Hi there,
I’m currently porting a geometry line shader with miter/bevels etc to WebGL, which is hard enough as is, but now I’m realizing, that there seems to be no way to change the drawmode to gl.TRIANGLE_STRIP
.
Not changing the drawmode to triangle strips would make it even harder to port the shader and even more inefficient.
Is there really no way to hack into this to allow gl.TRIANGLE_STRIP
as draw mode?
three.js
only supports the default triangle draw mode. The idea is to use BufferGeometryUtils.toTrianglesDrawMode() to convert a strip or fan definition to plain triangles. If you can’t go that route for whatever reasons, you have to modify the engine. However, I recommend to not doing that and rather update other logic of your app so you actually render triangles.
I suppose triangle strip takes somewhat less memory, so it would be nice to support it for the large files. But right, every piece of code that relies on attribute data layout would fall apart.
Thanks for the quick answer!
Well, for me since I’m trying to imitate a geometry shader, its not really about memory, but more about redoing all the calculations even more often …
My vertex shader looks like this:
if (position == 5.0f) {
emit_vertex(p1, +miter_a, v1, vec2(u1, -thickness_aa1), true);
return;
}
if (position == 6.0f) {
emit_vertex(p1, -miter_a, v1, vec2(u1, thickness_aa1), true);
return;
}
if (position == 7.0f) {
emit_vertex(p2, +miter_b, v1, vec2(u2, -thickness_aa2), false);
return;
}
if (position == 8.0f) {
emit_vertex(p2, -miter_b, v1, vec2(u2, thickness_aa2), false);
return;
}
So, no triangle_strip makes this go from bad to worse
I think mugen’s link should work for you with no extra effort
But there are no triangles in the buffer, since i’m generating them in the vertex shader.

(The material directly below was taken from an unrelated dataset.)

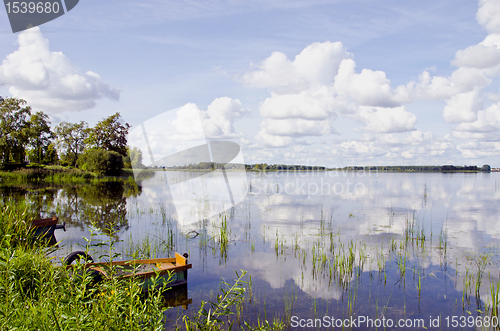 Image of Summer lake landscape boats clouds reflections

I have something like that to emulate the geometry shader:
const geometry = new THREE.InstancedBufferGeometry();
const instance_positions = [0, 1, 2, 3, 4, 5];
geometry.setAttribute(
"position",
new THREE.Float32BufferAttribute(instance_positions, 1)
);
const instanceBuffer = new THREE.InstancedInterleavedBuffer(points, 4, 1); // xy1, xy2
geometry.setAttribute(
"linepoint_prev",
new THREE.InterleavedBufferAttribute(instanceBuffer, 2, 0)
); // xyz1
geometry.setAttribute(
"linepoint_start",
new THREE.InterleavedBufferAttribute(instanceBuffer, 2, 2)
); // xyz1
geometry.setAttribute(
"linepoint_end",
new THREE.InterleavedBufferAttribute(instanceBuffer, 2, 4)
); // xyz1
geometry.setAttribute(
"linepoint_next",
new THREE.InterleavedBufferAttribute(instanceBuffer, 2, 6)
); // xyz2
I think I can change the indices of the instance geometry to change the order from strip to just triangles, but that will make this approach perform even worse (and its already kind of ridiculous to redo most calculations per vertex, which should only be done per line segment)…

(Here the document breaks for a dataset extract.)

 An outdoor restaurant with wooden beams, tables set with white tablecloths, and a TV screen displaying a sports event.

Maybe it would be nice if Three.js simply let the draw mode be selected, but make it clear in the docs that some features do not work when the draw mode is not gl.TRIANGLE.
From this comment:
To make it short, it requires much complexity to fully support all draw modes
That’s 100% ok, not all features need to be supported in all draw modes.

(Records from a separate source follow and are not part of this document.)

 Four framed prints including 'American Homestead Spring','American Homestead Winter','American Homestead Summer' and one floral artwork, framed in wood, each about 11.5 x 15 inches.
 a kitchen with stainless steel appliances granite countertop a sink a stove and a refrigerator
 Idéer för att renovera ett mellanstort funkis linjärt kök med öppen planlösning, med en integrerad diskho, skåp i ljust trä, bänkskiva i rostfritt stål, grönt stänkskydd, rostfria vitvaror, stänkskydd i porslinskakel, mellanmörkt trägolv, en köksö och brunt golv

At the same time not all features of Three.js are used all the time by everyone, so perhaps if the docs are clear on what works, a user could pick a draw mode with understanding that certain methods are meant to operate on triangles (and not use those methods). Maybe even an error can be thrown when those methods are called if the mode is not compatible.
Use cases
Rendering realtime data in a plotting system with gl.TRIANGLE instead of gl.TRIANGLE_STRIP means 50% more upload to the GPU on each update. Or conversely, if someone were to optimize their plot rendering system from gl.TRIANGLE to gl.TRIANGLE_STRIP, they’d be able to save 33% on upload. That’s a big difference when there is a lot of data involved!
TRIANGLE_STRIP could also be a choice used in a geometry shader, where calculating all the points on the CPU would be far too expensive. As an example, the three-meshline
library could be optimized be converting its vertex calculations into a geometry shader with as few points as possible (TRIANGLE_STRIP).
The VertexShaderArt website is entirely dedicated to geometry shaders, and here are a few examples using TRIANGLE_STRIP:
Can you just build a static geometry.index buffer to emulate a triangle strip?
0,1,2, 1,2,0, 2,3,0, 3,4,0, etc.
imo alternate drawing modes aren’t as relevant in modern times as they used to be… and introduce a lot of complexity, when we’re usually bound more by fillrate + blending.
Strips are funky, and Quads are ill defined.